“Pavane” is going to Chicago!!
February 5, 2009
BookShorts honcho Judith Keenan (I’m using Variety magazine lingo here, seeing as we’re discussing movies) and writer/helmer Paul Quarrington are pleased to announce that their short film “Pavane” has been accepted into the Chicago International Movies and Music Festival (CIMMfest.) Mike Phillips, the programing director, was very complimentary: he called our film “a great demonstration of how much life and backstory one can fit in a short running time. I think it has more to say than most feature-length films.” Now THAT’S what we like to hear!
Oh, and here’s a little update. We ourselves are going to Chicago, and whilst there, I am going to be part of the CIMMfest All-Star Blues Jam Band, which will feature legendary bassist Robban Hagnas from the Finnish group “The Wentus Blues Band.” Porkbelly Futures have shared the stage with this fine band before, at last years Canadian Music Week.

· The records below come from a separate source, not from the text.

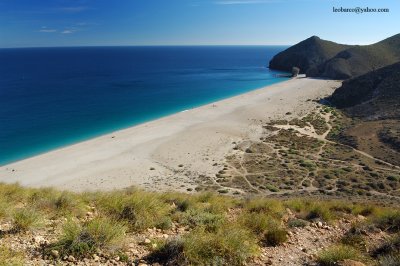 PLAYA DE LOS MUERTOS 2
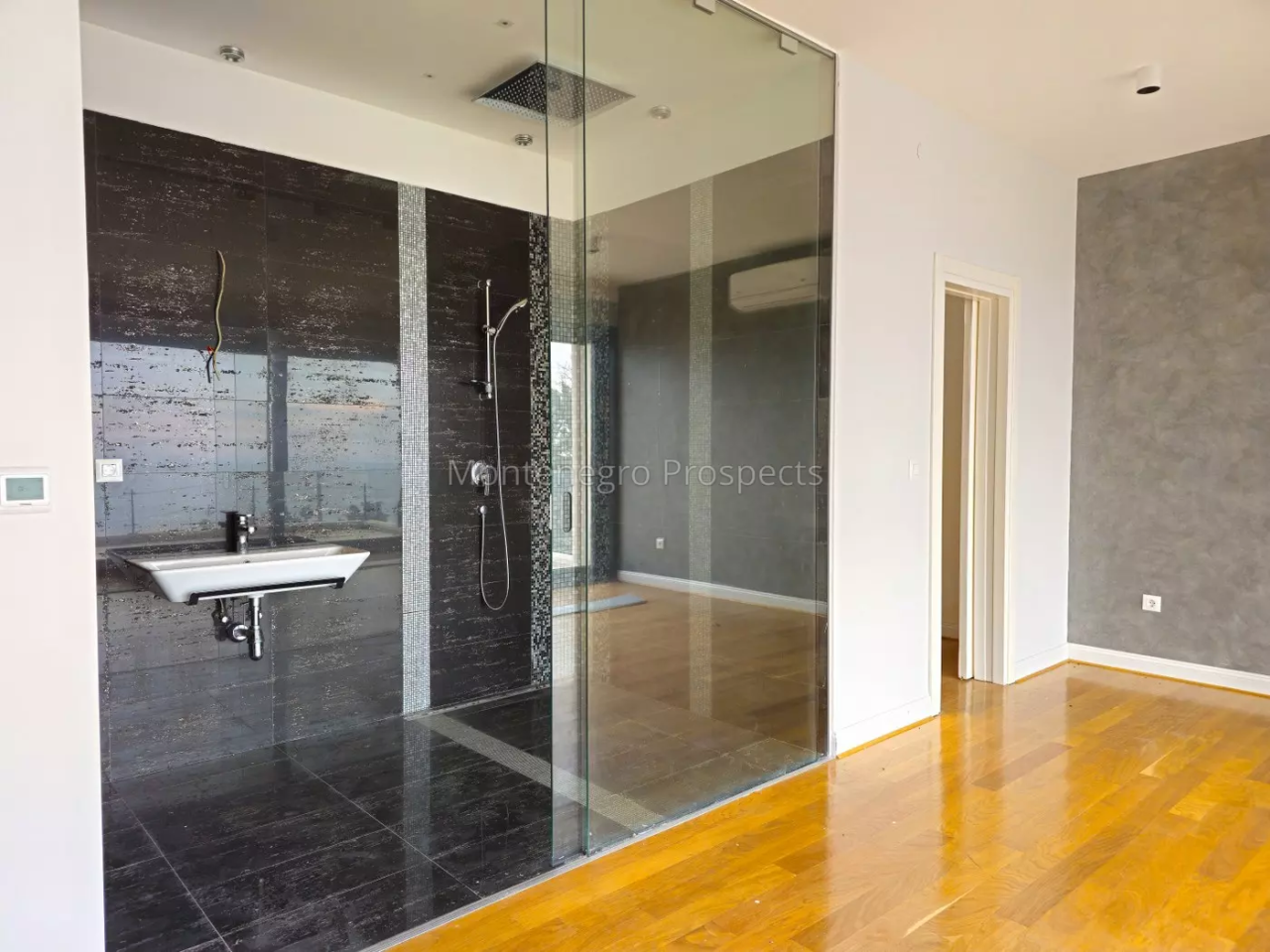 Villa in Budva, Montenegro, 1 886 m² - picture 2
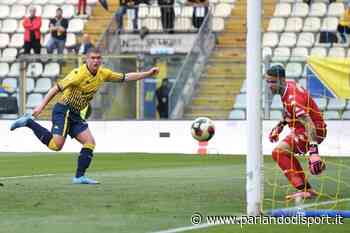 Modena-Bari 3-3, le pagelle: tripletta meritata per bomber Bonfanti, Renzetti e Giovannini in versione assist-man - Parlando di Sport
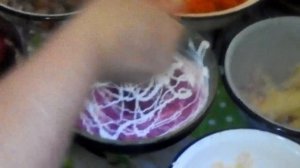 Готовим Новогодний салат...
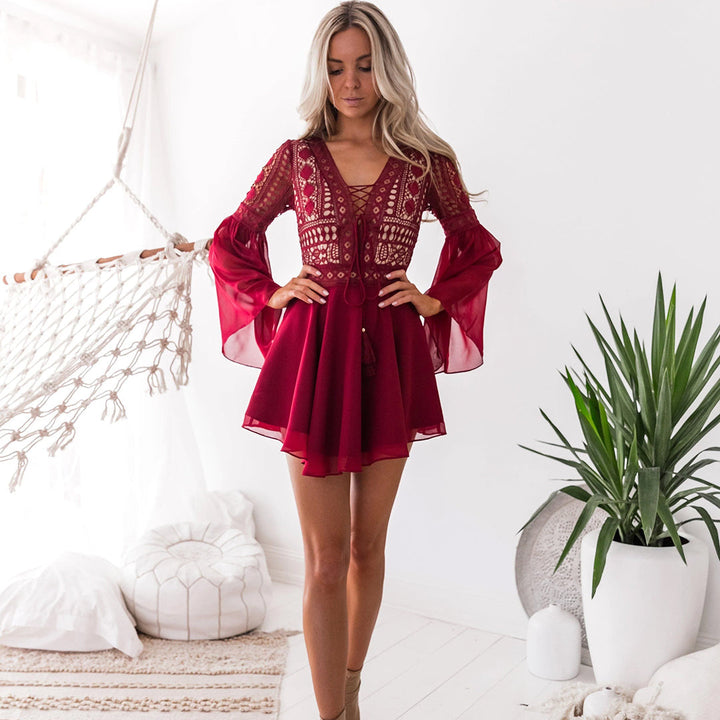 Szlafrok mini dla kobiet - Elegancka sylwetka A-Line - Décolleté V avec Lacets - Jupe Superposée Valentine - Manches Longues Sophistiquées
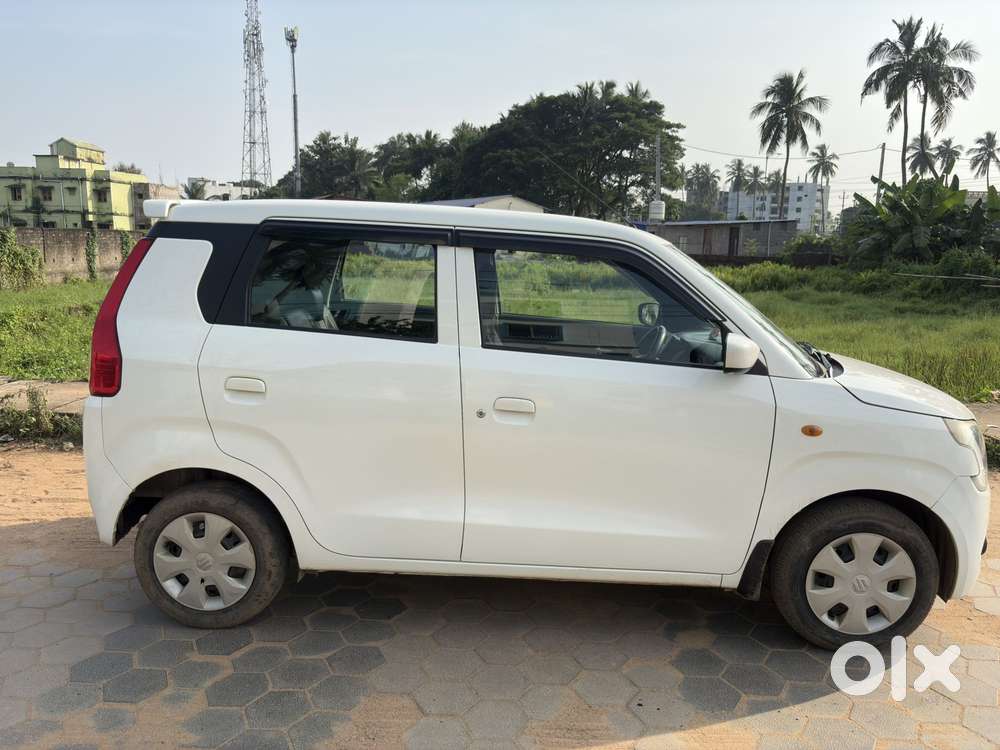 Maruti Suzuki Wagon R Vxi Opt, 2022, Petrol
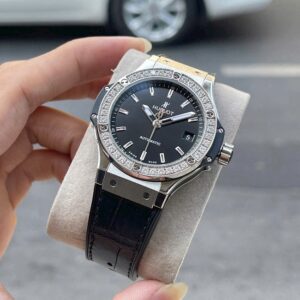 5 Hublot Big Bang Steel Black Diamonds 365.SX.1470.LR.1204.SEA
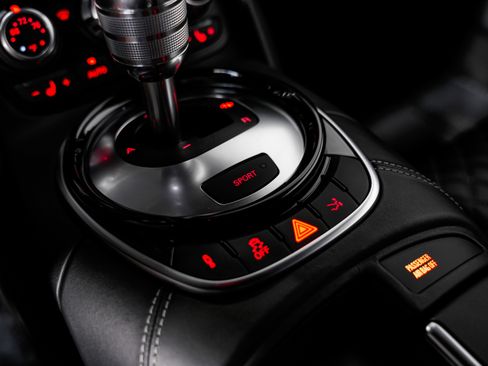 Used 2014 Audi R8 V8 image 16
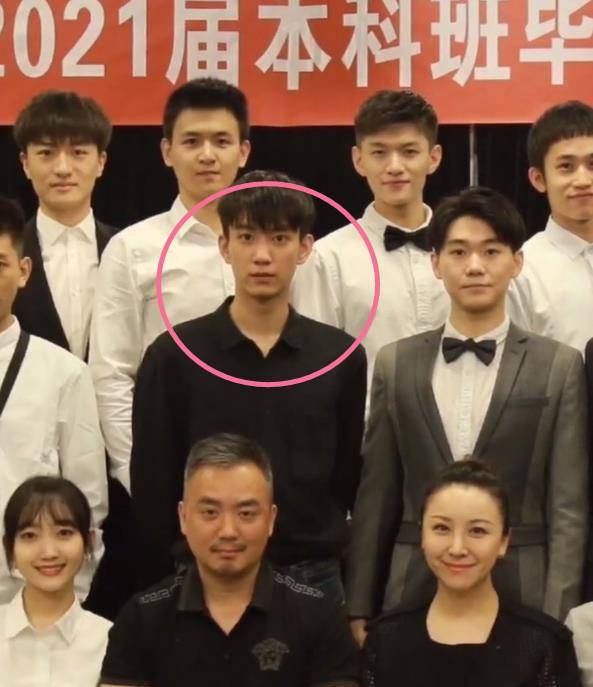 王俊凯,王子奇和出演了《棋魂》的郝富申是同一届的,只不过除了王俊凯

Robban is an excellent high-energy musician, so I better start practising and bolting back the Red Bull.
This is going to take place at the Awards ceremony at the Chicago Cultural Centre, Sunday March 8th.?
John Martyn dies, age 60
February 1, 2009
John Martyn was a wonderful singer, guitarist and songwriter, and a very big influence on me, musically-speaking. Martyn was a troubadour and a scop, a seer and a mystic, and he sang with a soulful slur that made men want to weep. Of course women, always more at home with their emotions, did weep. I had the good fortune to meet Martyn. When he played Toronto in the late seventies (I’m guessing it was the late seventies),? Joe Hall and the Continental Drift opened for him. We were doing our sound check when the doors at the back of the hall flew open and a fellow with a beard (actually it was more like organized scruff) and the flinty glint of a mad man came stamping down the aisle, yelling “Stop! Stop!” When we did so, he leaned over the apron of the stage and scolded us, “You lads were having too much fun. There’ll be none of that.” John Martyn put on a wonderful show, and I became a fan. “May You Never,” one of his more famous songs, is a kind of a drunkard’s benediction: “May you never lay your head down without a hand to hold./May you never make your bed out in the cold./May you never lose your temper and get hit in a barroom fight./May you never lose your woman overnight.”